L’aspect historique n’est pas là pour appeler la reconnaissance du spectateur actuel dans les personnages (c’est certes peut-être le cas vis-à-vis de leur environnement, il y a peut-être un vague parallèle dans le regard de Haynes entre le climat d’espionnage et de délation du mccarthysme et l’usage actuel d’Internet, mais cela reste superficiel) , il est plutôt ce qui signifie après-coup que les tensions érotiques, familiales et sociales qui les déchirent ont été naturellement résolue dès le moment où ils ont pris conscience de leur situation sociologique exacte, et ce savoir met fin à l’histoire. Il ne s’agît pas de connaître l’autre, mais uniquement soi-même. Du coup l’idée esquissée quelques fois que tout le monde est à libérer, pas seulement Carol, mais aussi son mari falot à la fois soumis et monstrueux, son avocat, sa belle-même, se retourne en idéologie, dans laquelle l’effort pour assumer sa singularité s’intègre (comme dans
Mad Men) dans l’idée de réussite professionnelle, qui offre une sorte de surplomb sur la morale et la société, et est une constante dont la permanence englobe et surpasse le sens momentané des changement historiques. Ils sont plus dépassés que monstrueux, ce qui du point de vue de Haynes, est moralement pire.
Cela fait penser à «
the Master » et à « Inside Llewyn Davis » mais surtout «
Ida » (aussi un film-prénom sur le passé). L’homosexualité de Carol joue exactement le même rôle que la judaïté d’Ida : une singularité fictive cachée derrière un contexte sociologique (à la fois réel et mort) qui correspond exactement au savoir que le spectateur possède dès le début sur le personnage fictif.

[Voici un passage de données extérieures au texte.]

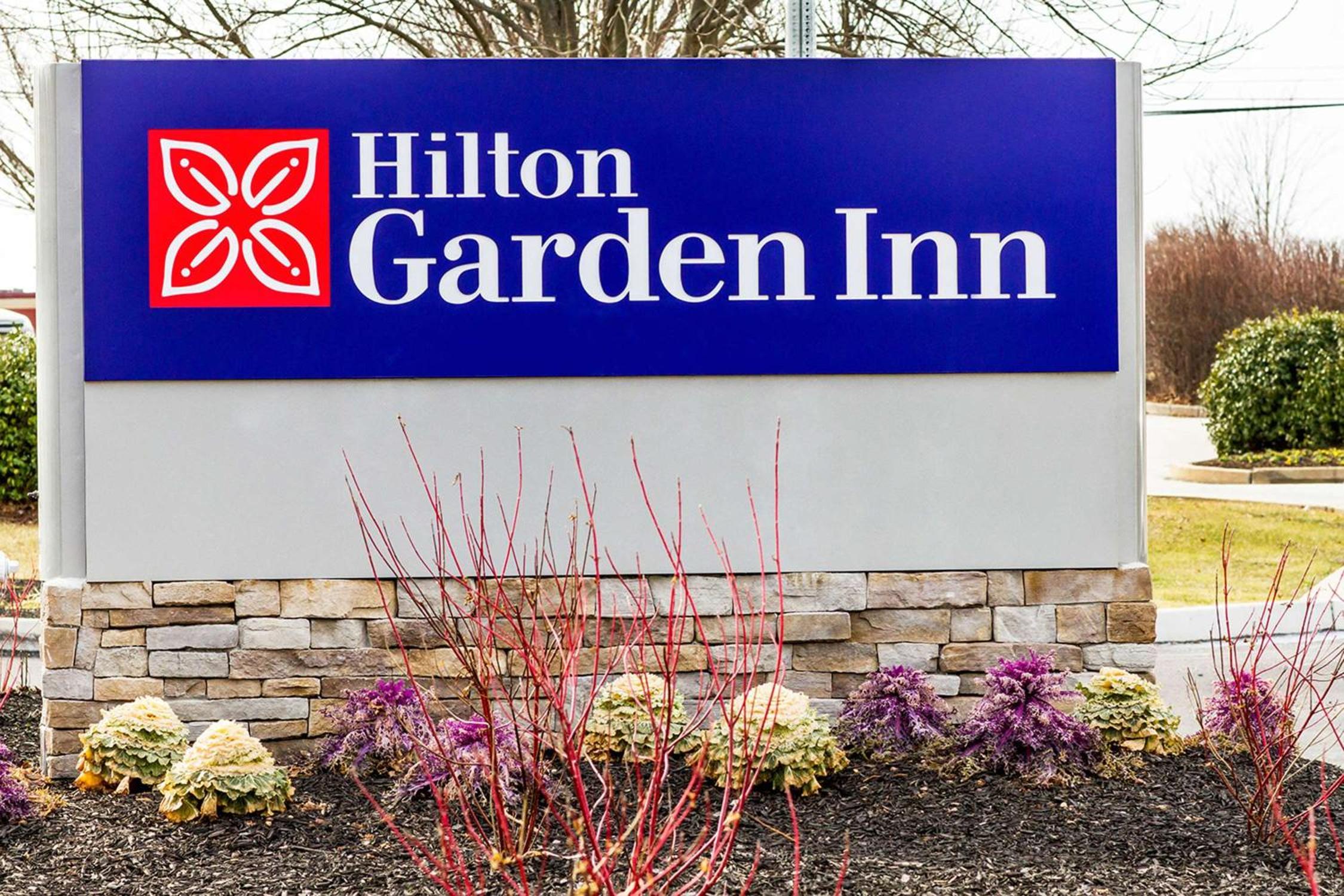 Hilton Garden Inn Valley Forge/Oaks - Property Image 42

Sur un sujet assez proche, j’ai été récemment bien plus convaincu par «
Big Eyes » de Burton qui pour moi est un très bon film, beaucoup plus subtil (il partait du déclassement social que le divorce entraînait alors pour une femme, sans rien en dire, cela serait s'avouer battue. Très belle première phrase: "Mr Ulbrich is out of the picture", là où le Haynes l’évite tout en l'expliquant en permanence). Dans Carol les rôles entre les femmes sont trop clairement partagés et distribués, mais dans le Burton Amy Adams jouait (toute seule et tout aussi bien que Blanchet et Mara) un personnage un peu schizophrène, plus complexe et moins artificiel, parfois pugnace, ferme et lucide, à d’autres moments complètement à côté de la plaque et inconscient de son isolement , sans que le passage d'un état à l'autre soit accusé (il est en effet en-dessous du problème de la reconnaissance de l'autre, et ne devrait pas le conditionner), ce qui rendait l’issue victorieuse de sa lutte très poignante.